# Best screws for mounting a TV mount to a wall?



## 2Dumb2Fix (Nov 18, 2021)

I want to buy and install a new wall mount. I never mounted or installed a TV mount before.
I was thinking of just using good old regular coarse drywall screws but not sure if that's right application for the job.

Would anyone know whats the best screws to mount a tv mount to a wall? I have wood studs.


----------



## chandler48 (Jun 5, 2017)

The wall mount will come with a plethora of screws that you can use. They are metric, so be aware and have a set of hex head sockets available. Make sure you can locate your studs and apply the bracket over them. And, no sheetrock screws won't work.


----------



## SPS-1 (Oct 21, 2008)

Just make sure you hit the studs. After that, it does not matter too much, buuuut.....
The proper screw is called a wood screw. Probably a round head or pan head would work best, depending on your bracket. I would want at least 1" engagement into the wood, so that would be a 2" long screw. #8 or #10. Best to pre-drill, with a bit just smaller than the minor diameter of the screw.


----------



## 2Dumb2Fix (Nov 18, 2021)

SPS-1 said:


> Just make sure you hit the studs. After that, it does not matter too much, buuuut.....
> The proper screw is called a wood screw. Probably a round head or pan head would work best, depending on your bracket. I would want at least 1" engagement into the wood, so that would be a 2" long screw. #8 or #10. Best to pre-drill, with a bit just smaller than the minor diameter of the screw.


thank you very much. So just standard wood screws.. okay then thank you


----------



## 2Dumb2Fix (Nov 18, 2021)

chandler48 said:


> The wall mount will come with a plethora of screws that you can use. They are metric, so be aware and have a set of hex head sockets available. Make sure you can locate your studs and apply the bracket over them. And, no sheetrock screws won't work.

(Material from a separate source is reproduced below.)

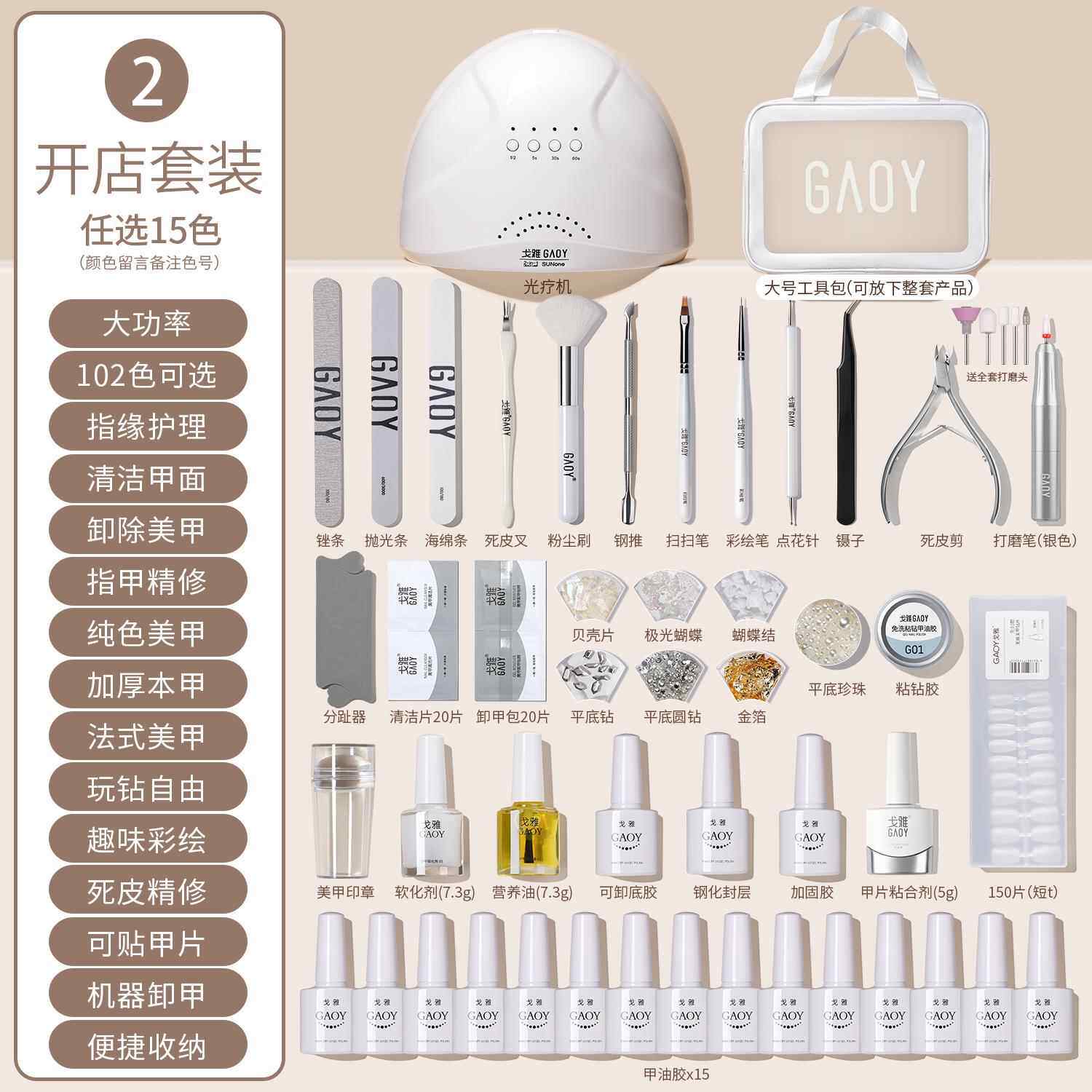 新款全gaoy戈雅美甲套装套工具新手初学者做指甲光油胶灯疗机开店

ok thanks! im watching some youtube videos right now.. Im seeing theres alot of options


----------



## Half-fast eddie (Sep 19, 2020)

How to hang big screen tv


Questions come up occasionally on how to mount a tv, so i thought i would post a few pictures of how i just did mine. In the first pic, the studs are the small yellow strips, and the point of the diamond is the center of the space between the windows. Of course the studs aren’t centered, and...




www.diychatroom.com


----------



## wrbrb (Aug 18, 2020)

I would not use standard wood screws. My fairly cheap TV mount, for a 50" TV, came with lag screws that were probably 1/4" in diameter. I cut away the plaster several inches below where I needed to drill, to find the exact left and right sides of the studs, marked those edges up the wall to where I did need to drill, in order to make sure I was drilling into the exact center of the studs.


----------



## zanydroid (12 mo ago)

You want fasteners that have some guarantee of shear strength. One would hope the old school massive lag screws that come with the mount are rated for that when driven into a stud. They'll also properly dock with the mount without additional hardware like washers.

PowerLags and cabinet screws if you want some modern high-tech options.

As said several times already, drywall screws are a meme of being weak. I don't know if it's true or not, hopefully there's some facts behind the humor. Anyway, there's no rating on their packaging for shear strength etc, and they're not marketed for that purpose. While PowerLags, cabinet screws, and other such structural screws have all these specs up on the packaging and the manufacturer website.


----------



## HotRodx10 (Aug 24, 2017)

First question is what kind of mount is it? Is it one that hangs the TV flat against the wall, or one of the articulating mounts that allows you to pull the TV away from the wal 8, 10, or 12 inches? Huge difference in what is needed to secure them to the wall.


----------



## Fish_Stick (Feb 28, 2017)

On my wall mounts I've used Spax Powerlags with the t-star head. Probably overkill but I'd rather have that than a tv on the floor. I would not use a standard wood screw because of the head size. You only need 4 of them and most places sell them individually. I've seen too many pictures of failed installs where they cheap out on the screws or anchors.


----------



## AHovel (Oct 3, 2021)

Also depends if your wall is drywall or solid wall and yeah you may want to find studs to screw into?


----------



## Half-fast eddie (Sep 19, 2020)

zanydroid said:


> You want fasteners that have some guarantee of shear strength. One would hope the old school massive lag screws that come with the mount


Massive is correct. The screws that came with my mount were large enough that inwas concerned with splitting the studs, particularly if the screw wasn’t exactly in the middle of the stud.

And there’s nothing wrong with washers under screw heads.


----------



## AllanJ (Nov 24, 2007)

Be sure to use the topmost holes on the wall mounting bars or bracket or plate regardless of the shape or style or mechanics of the TV mount assembly..

Fat screws and especially lag bolts (I guess a 3/16" hole for a 1/4 inch screw shank) need pilot holes drilled into the stud first.


----------



## zanydroid (12 mo ago)

Half-fast eddie said:


> Massive is correct. The screws that came with my mount were large enough that inwas concerned with splitting the studs, particularly if the screw wasn’t exactly in the middle of the stud.
> 
> And there’s nothing wrong with washers under screw heads.


I don’t think the chance of splitting will be that high with predrilled holes.

The schtick behind those high tech screws is that they are narrow and self drilling, slicing through wood like butter with modest power drills, yet have the same strength as a huge lag.


----------